====== Exercise input ======
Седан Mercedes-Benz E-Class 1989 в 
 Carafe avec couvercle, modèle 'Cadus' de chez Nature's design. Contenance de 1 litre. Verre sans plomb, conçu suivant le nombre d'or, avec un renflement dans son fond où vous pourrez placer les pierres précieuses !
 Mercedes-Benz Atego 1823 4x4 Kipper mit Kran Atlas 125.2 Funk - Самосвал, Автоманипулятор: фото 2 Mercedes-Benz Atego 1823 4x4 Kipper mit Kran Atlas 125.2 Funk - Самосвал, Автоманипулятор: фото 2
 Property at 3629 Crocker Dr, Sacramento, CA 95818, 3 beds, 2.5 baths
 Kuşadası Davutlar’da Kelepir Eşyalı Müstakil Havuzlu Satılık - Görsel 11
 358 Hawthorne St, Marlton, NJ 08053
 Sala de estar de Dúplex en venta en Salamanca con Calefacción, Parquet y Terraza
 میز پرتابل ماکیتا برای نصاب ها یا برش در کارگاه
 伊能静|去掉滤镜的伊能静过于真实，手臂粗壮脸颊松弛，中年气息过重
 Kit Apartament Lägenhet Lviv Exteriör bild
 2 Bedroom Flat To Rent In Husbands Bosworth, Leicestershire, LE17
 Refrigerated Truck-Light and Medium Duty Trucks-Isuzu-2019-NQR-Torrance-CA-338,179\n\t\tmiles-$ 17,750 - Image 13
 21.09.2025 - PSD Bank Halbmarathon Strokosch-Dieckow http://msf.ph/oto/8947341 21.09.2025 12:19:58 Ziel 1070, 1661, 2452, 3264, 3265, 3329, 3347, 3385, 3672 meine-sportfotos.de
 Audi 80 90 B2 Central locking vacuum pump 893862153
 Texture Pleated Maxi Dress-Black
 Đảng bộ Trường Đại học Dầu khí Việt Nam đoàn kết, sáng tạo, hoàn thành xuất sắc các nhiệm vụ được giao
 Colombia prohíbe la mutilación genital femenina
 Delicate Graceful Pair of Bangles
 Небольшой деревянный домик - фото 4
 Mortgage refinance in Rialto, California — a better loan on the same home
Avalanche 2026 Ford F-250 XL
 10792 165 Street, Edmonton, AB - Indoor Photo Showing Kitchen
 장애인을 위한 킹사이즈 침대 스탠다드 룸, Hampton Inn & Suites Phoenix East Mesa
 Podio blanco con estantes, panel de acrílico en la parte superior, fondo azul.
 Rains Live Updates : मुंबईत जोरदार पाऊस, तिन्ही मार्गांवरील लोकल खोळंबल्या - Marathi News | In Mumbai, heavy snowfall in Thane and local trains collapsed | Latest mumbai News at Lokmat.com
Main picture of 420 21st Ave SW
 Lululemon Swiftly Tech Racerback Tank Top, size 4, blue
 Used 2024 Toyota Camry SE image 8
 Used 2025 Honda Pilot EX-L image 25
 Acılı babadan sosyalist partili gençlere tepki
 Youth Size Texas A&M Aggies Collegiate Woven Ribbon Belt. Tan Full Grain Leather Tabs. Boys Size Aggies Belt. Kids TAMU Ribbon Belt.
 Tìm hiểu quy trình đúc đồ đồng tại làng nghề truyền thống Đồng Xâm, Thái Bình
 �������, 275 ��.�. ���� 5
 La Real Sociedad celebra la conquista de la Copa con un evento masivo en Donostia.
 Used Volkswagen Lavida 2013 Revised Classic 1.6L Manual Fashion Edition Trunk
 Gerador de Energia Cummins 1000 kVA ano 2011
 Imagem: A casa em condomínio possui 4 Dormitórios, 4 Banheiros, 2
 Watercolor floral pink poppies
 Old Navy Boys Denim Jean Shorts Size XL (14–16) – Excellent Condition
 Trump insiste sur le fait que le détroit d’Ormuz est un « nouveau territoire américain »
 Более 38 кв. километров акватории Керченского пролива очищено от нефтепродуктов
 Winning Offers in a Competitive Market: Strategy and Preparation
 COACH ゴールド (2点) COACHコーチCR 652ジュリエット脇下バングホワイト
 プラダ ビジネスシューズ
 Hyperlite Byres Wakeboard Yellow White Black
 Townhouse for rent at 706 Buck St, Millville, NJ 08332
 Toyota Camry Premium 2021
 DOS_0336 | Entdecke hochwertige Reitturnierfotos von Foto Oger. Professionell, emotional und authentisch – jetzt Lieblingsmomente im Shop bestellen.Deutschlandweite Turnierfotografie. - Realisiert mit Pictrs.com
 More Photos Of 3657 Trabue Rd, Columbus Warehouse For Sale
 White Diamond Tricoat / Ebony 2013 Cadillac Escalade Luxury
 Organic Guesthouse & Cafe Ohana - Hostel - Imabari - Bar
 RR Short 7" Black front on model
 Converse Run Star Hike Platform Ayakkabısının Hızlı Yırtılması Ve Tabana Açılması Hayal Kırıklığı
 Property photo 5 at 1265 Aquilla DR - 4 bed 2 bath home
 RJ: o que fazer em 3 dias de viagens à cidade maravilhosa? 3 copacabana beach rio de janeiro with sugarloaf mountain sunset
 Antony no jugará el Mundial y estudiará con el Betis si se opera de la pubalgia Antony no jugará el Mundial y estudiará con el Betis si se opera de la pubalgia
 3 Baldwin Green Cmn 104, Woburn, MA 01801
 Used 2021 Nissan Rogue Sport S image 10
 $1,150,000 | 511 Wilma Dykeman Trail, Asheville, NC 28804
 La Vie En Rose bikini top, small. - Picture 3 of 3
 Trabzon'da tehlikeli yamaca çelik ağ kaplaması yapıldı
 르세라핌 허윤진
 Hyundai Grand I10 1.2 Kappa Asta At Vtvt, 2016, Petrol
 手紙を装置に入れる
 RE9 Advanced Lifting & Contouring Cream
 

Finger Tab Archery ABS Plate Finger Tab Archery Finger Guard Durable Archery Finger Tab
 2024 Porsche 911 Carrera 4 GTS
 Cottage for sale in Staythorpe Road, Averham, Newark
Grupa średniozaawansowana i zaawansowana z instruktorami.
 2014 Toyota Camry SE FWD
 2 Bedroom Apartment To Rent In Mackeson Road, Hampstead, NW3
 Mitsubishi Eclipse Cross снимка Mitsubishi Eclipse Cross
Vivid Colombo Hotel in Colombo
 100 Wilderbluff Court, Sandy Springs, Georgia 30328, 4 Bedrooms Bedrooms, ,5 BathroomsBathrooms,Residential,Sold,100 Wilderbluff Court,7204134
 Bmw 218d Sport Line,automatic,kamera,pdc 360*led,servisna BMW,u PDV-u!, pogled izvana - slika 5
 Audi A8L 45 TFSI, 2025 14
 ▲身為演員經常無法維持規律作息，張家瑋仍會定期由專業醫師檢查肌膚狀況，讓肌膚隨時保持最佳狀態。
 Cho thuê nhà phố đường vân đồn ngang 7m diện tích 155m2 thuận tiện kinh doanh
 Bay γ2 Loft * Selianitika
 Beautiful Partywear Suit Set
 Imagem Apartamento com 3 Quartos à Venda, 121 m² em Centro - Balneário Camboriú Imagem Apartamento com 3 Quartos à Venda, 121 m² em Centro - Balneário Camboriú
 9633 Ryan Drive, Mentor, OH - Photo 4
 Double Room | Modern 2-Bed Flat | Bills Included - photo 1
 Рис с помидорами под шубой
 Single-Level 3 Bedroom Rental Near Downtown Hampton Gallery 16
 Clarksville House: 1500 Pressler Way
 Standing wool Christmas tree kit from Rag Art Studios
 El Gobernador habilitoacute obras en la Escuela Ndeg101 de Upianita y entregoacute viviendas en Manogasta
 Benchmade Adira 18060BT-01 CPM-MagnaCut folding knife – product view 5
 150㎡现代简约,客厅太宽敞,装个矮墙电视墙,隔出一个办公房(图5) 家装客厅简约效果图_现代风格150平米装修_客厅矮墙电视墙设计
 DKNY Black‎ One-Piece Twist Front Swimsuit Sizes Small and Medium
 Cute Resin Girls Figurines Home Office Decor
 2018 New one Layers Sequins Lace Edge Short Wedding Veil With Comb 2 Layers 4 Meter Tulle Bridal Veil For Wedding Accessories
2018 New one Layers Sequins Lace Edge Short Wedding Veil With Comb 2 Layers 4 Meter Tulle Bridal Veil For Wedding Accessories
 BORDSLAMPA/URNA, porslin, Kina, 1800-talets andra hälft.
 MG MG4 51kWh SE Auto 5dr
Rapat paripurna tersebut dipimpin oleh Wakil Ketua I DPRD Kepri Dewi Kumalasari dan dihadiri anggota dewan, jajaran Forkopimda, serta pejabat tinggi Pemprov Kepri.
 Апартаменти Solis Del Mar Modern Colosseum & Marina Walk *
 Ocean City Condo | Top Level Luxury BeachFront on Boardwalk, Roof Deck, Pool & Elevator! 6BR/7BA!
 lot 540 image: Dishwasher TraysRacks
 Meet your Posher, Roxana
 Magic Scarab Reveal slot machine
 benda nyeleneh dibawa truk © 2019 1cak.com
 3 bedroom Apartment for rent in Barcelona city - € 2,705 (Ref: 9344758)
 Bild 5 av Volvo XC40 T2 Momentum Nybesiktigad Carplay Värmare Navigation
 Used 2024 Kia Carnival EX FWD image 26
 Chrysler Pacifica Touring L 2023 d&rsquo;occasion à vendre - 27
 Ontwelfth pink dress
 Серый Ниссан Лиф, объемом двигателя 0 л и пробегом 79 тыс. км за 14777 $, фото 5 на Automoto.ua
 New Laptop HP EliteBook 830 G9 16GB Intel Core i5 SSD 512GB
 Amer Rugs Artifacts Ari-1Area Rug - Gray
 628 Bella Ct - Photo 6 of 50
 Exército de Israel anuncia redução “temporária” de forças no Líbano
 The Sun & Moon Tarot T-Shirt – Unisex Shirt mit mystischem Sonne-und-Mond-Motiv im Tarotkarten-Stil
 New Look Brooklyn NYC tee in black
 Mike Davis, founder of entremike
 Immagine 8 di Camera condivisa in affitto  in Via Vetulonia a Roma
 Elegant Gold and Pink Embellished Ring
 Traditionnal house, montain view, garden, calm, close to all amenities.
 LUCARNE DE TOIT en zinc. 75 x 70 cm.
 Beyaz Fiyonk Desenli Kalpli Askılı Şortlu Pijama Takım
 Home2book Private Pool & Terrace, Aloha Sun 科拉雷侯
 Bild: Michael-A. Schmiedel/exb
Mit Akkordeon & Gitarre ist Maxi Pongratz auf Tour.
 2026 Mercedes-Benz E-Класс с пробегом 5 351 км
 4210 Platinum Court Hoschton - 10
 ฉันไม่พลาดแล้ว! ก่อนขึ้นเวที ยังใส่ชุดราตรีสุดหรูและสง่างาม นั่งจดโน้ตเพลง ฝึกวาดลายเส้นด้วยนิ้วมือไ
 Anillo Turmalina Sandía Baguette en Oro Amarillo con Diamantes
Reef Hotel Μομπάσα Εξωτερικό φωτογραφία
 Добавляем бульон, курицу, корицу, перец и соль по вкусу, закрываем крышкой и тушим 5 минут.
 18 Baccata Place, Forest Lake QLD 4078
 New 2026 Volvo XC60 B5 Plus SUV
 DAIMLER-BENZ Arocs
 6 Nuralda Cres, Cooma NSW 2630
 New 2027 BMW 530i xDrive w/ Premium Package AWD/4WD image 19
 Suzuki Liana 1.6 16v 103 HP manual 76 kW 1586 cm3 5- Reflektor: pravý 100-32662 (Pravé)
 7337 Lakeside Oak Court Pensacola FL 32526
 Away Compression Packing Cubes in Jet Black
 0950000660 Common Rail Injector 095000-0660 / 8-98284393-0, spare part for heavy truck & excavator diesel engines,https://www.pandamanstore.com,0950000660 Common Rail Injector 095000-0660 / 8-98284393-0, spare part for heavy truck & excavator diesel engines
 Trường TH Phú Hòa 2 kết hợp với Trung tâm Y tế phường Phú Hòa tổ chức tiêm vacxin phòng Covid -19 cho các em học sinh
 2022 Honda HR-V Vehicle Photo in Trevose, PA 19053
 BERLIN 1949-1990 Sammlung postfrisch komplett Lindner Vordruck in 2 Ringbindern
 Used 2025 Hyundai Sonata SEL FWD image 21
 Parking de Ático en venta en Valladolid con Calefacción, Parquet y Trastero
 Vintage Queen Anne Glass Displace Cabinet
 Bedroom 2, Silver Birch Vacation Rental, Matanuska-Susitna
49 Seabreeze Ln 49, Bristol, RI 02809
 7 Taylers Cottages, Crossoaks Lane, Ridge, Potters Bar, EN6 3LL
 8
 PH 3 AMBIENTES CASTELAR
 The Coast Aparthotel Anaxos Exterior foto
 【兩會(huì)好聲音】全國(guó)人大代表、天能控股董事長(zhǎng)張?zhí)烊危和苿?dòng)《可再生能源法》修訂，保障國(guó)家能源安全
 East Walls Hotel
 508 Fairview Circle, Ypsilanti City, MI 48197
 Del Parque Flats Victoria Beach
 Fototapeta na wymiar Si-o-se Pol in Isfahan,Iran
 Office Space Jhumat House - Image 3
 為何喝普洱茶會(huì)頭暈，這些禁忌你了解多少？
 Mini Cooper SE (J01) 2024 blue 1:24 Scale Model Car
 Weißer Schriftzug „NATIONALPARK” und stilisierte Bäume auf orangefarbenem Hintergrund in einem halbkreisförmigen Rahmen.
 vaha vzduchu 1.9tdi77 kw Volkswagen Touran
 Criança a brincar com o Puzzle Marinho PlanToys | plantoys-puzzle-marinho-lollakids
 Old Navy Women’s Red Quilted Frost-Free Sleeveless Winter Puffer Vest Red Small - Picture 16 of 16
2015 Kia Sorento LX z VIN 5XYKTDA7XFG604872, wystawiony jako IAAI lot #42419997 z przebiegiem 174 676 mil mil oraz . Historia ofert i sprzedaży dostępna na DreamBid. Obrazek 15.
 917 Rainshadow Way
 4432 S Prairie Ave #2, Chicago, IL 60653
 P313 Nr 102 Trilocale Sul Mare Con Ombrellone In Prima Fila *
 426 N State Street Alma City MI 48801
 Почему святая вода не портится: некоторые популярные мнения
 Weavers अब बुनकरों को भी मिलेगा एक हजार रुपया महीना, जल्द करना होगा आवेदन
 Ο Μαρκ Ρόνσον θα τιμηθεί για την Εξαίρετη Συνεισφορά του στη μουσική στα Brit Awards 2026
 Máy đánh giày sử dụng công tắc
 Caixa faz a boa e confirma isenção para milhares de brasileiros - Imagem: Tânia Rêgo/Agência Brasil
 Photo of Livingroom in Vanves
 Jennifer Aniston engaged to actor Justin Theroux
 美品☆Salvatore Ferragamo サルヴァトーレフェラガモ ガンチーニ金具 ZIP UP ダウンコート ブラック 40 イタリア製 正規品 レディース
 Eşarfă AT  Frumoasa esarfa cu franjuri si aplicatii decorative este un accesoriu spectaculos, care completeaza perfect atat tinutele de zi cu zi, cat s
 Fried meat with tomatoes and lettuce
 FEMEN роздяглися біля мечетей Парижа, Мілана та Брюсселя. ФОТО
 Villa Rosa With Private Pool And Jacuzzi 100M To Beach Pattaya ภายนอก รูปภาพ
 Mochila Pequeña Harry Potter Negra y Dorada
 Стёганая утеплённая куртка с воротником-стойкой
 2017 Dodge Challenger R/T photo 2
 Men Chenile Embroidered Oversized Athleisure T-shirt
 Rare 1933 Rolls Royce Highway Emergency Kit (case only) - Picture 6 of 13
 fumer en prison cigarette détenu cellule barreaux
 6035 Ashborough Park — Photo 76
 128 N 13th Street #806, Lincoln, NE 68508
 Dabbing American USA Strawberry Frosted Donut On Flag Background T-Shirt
======
_Work instructions_. From the opening line of the data above through the line that contains "2 Bedroom Flat", please print each line as it stands and only those lines.

_Exercise result_.
Седан Mercedes-Benz E-Class 1989 в 
 Carafe avec couvercle, modèle 'Cadus' de chez Nature's design. Contenance de 1 litre. Verre sans plomb, conçu suivant le nombre d'or, avec un renflement dans son fond où vous pourrez placer les pierres précieuses !
 Mercedes-Benz Atego 1823 4x4 Kipper mit Kran Atlas 125.2 Funk - Самосвал, Автоманипулятор: фото 2 Mercedes-Benz Atego 1823 4x4 Kipper mit Kran Atlas 125.2 Funk - Самосвал, Автоманипулятор: фото 2
 Property at 3629 Crocker Dr, Sacramento, CA 95818, 3 beds, 2.5 baths
 Kuşadası Davutlar’da Kelepir Eşyalı Müstakil Havuzlu Satılık - Görsel 11
 358 Hawthorne St, Marlton, NJ 08053
 Sala de estar de Dúplex en venta en Salamanca con Calefacción, Parquet y Terraza
 میز پرتابل ماکیتا برای نصاب ها یا برش در کارگاه
 伊能静|去掉滤镜的伊能静过于真实，手臂粗壮脸颊松弛，中年气息过重
 Kit Apartament Lägenhet Lviv Exteriör bild
 2 Bedroom Flat To Rent In Husbands Bosworth, Leicestershire, LE17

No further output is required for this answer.